La distopia che Animal Crossing combatte non è altro che la cruda realtà di ognuno di noi, quella che adesso più che mai ci sta colpendo duramente con una crisi senza precedenti. Nessuna orda infernale fatta di pixel potrebbe paragonarsi a un lavoro stressante, a una famiglia oppressiva o a una vita fatta di delusioni varie, senza contare la difficoltà nel socializzare e la cinica realtà che distrugge il 70% dei sogni individuali. Creare una città su un’isola deserta ci permette di plasmare un ecosistema fatto di positività e desideri, dove l’unico nostro compito (oltre a estinguere i debiti) è quello di rilassarci e fare ciò che più ci va. Come nella realtà, dobbiamo guadagnarci da vivere e trovare un posto da chiamare case, solo che a differenza del nostro mondo per realizzare le nostre aspirazioni “crossiane” ci basta fare quello che più ci garba, anche solo dovessimo coltivare fiori alla perfezione.
È una lotta dura, ancora di più di quella di un marine contro demoni biblici. Perché tutto sommato staccare dal nostro quotidiano è difficile, soprattutto quando si fatica a trovare quel piccolo spazio con cui andare a decorare l’isola in cui abitiamo insieme a tanti piccoli animaletti. Eppure lo facciamo, ci assumiamo la responsabilità di dirigere attivamente una comunità antropomorfa uscita dal Giappone più kawaii a prescindere dai nostri impegni di tutti i giorni. Perché tutto sommato vogliamo costruirci il nostro spazio sicuro, il posto in cui possiamo metterci tranquillamente sul divano e passare un’ora o due accompagnati da dolci musiche e il cambio delle stagioni.
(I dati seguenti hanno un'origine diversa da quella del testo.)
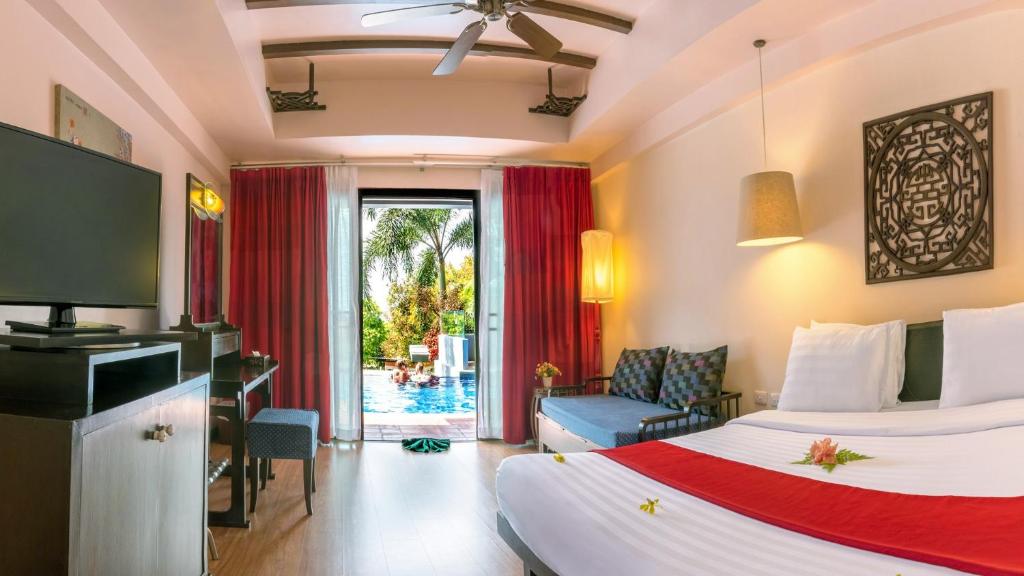 Postel nebo postele na pokoji v ubytování Krabi Chada Resort - SHA Plus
Rispetto a Doom Eternal è proprio la quotidianità con cui si vive Animal Crossing ad essere il suo più grande pregio e, allo stesso tempo, sfida ultima. È facile spalmarsi 15 ore di campagna di Doom Eternal nell’arco di una settimana, magari non giocandolo per un giorno due. Ma quando si parla di un’isola da mandare avanti l’importanza di entrarci almeno una volta ogni 24h aumenta, sebbene non sia obbligatoria. Non tanto per i materiali/soldi giornalieri dalle diverse risorse, quanto perché trovare il momento per entrarci a cadenza regolare serve a noi per staccare, per concederci quel piccolo minuto di relax che spesso buttiamo via in favore della produttività ad ogni costo.
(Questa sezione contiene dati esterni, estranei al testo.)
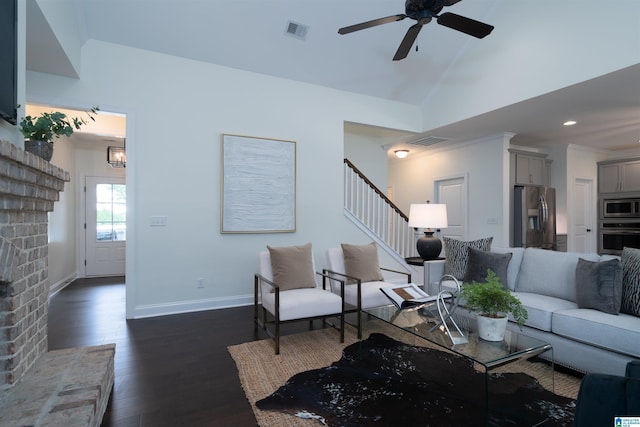 living area with baseboards, visible vents, a ceiling fan, and stairway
Ma proprio per questo Animal Crossing ci è venuto incontro con New Leaf e New Horizons, impostandosi nelle console portatili più famose del globo e dandoci quindi l’opportunità di estraniarci nel viaggio sui mezzi verso un full time in ufficio o l’ennesima lezione non proprio entusiasmante all’università. Bastano anche 10 minuti per sentire tutto il calore del gioco, abbastanza da farci spuntare un sorriso quando un abitante ci manda una lettera di ringraziamento per l’orribile mobile che gli abbiamo appioppato giusto per liberare spazio nell’inventario.
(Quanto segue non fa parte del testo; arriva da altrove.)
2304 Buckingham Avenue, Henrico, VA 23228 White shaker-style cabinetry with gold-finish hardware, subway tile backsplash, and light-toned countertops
Ora come ora, la lotta che vivremo in Animal Crossing sarà ardua, portandoci a impegnarci a utilizzare il gioco per trasportarci in un paradiso tropicale e non pensare per qualche minuto all’isolamento domestico o ai nostri cari irraggiungibili. Evadere da questa realtà è una lotta ben più grande anche del migliore dei Doomslayer, ma sono sicuro che con un pizzico di immaginazione e l’affetto di piccoli animaletti dalla vocina tenera riusciremo a tenere un pensiero positivo con cui guardare avanti con speranza.